Another judge has lashed Attorney-General Christian Porter for his obstruction in the government’s prosecution of Bernard Collaery over revelations of ASIS’ illegal spying on Timor-Leste.
This morning Justice John Burns in the ACT Supreme Court gave his reasons for allowing Collaery’s request for forthcoming trial dates to be vacated in order to accommodate former National Security Monitor Bret Walker SC.
Walker, one of Australia’s pre-eminent national security legislation lawyers, agreed immediately before Christmas to act for Collaery in the latter’s appeal against the court’s decision to grant Porter’s request for the trial to be held in secret. Walker was unavailable on the originally scheduled hearing dates.
However, Porter and his bureaucrats tried to prevent Walker from participating in the case by initially refusing to provide him with permission to join the case under national security provisions, and refusing to agree to moving the hearing dates.

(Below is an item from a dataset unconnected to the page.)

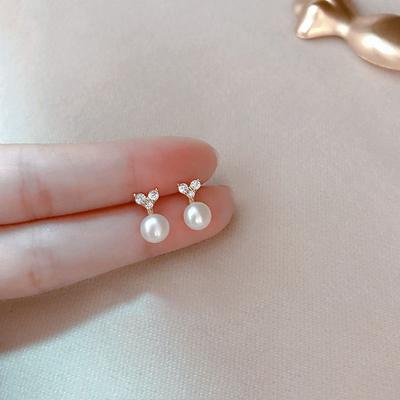 Серьги Love Pearl для женщин нового стиля, маленькие и с милым темпераментом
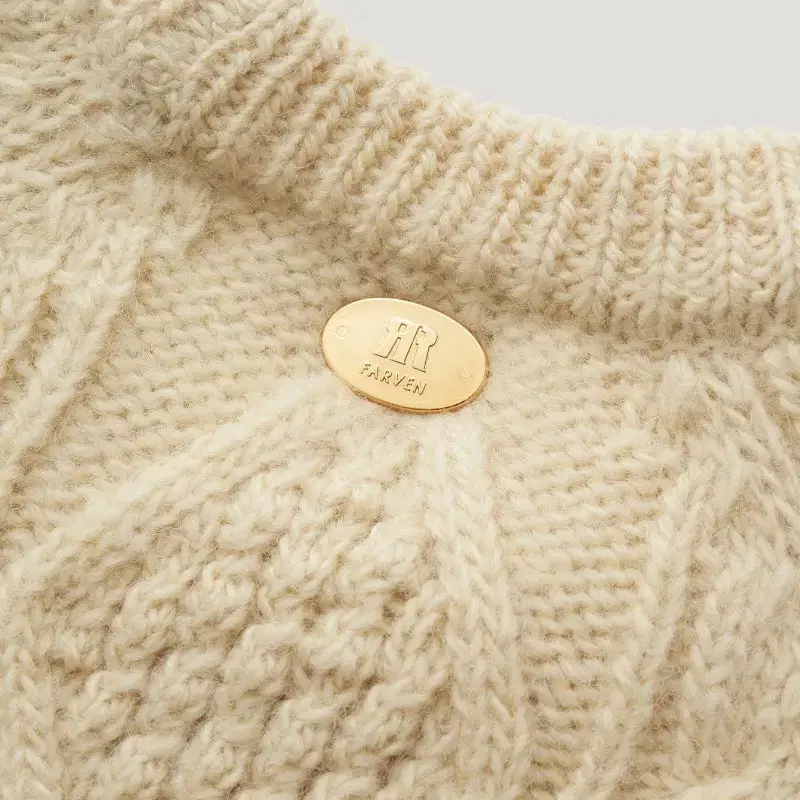 파르벵 CAROL WOOL CABLE KNIT  IVORY 판매합니다.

Australian Government Solicitor (AGS) bureaucrats only agreed to add Walker to the national security certificate more than a month after being asked, on January 25. They then sought to delay things further by insisting that while “Mr Walker SC may already be familiar with the treatment of classified material within the Commonwealth … he will still need to undergo a practical security briefing”, as if the former National Security Legislation Monitor wouldn’t understand how to store classified documents.
In allowing Collaery’s request for the dates to be moved, Justice Burns specifically targeted Porter:
If this had been a simple case of a late decision to brief Mr Walker in circumstances where he was unavailable for the dates allocated for the appeal, I would have refused the application … The failure of the attorney-general to act upon the request that the s. 26 certificate be amended to permit Mr Walker to have access to the brief and to take instructions from 23 December 2020 until 25 January 2021 meant that any benefit to the appellant in briefing Mr Walker with regard to the appeal in this court was likely to be significantly reduced if not lost entirely. I consider this to be unfair to the appellant.
This is the third time that Porter has been criticised for obstructing Collaery’s trial, with Porter’s own barrister Tim Begbie (Porter himself is represented in this trial along with the Director of Public Prosecutions) earning the ire of both original judge Lorraine Walker and trial judge David Mossop for long delays.
Justice Burns also criticised AGS bureaucrats for “a disturbing suggestion that those who represented and advised the attorney-general perceived that their satisfaction at the necessity for Mr Walker to be briefed by the appellant was in some way relevant. It clearly was not.”
It seems AGS bureaucrats have taken their cue from the attorney-general himself.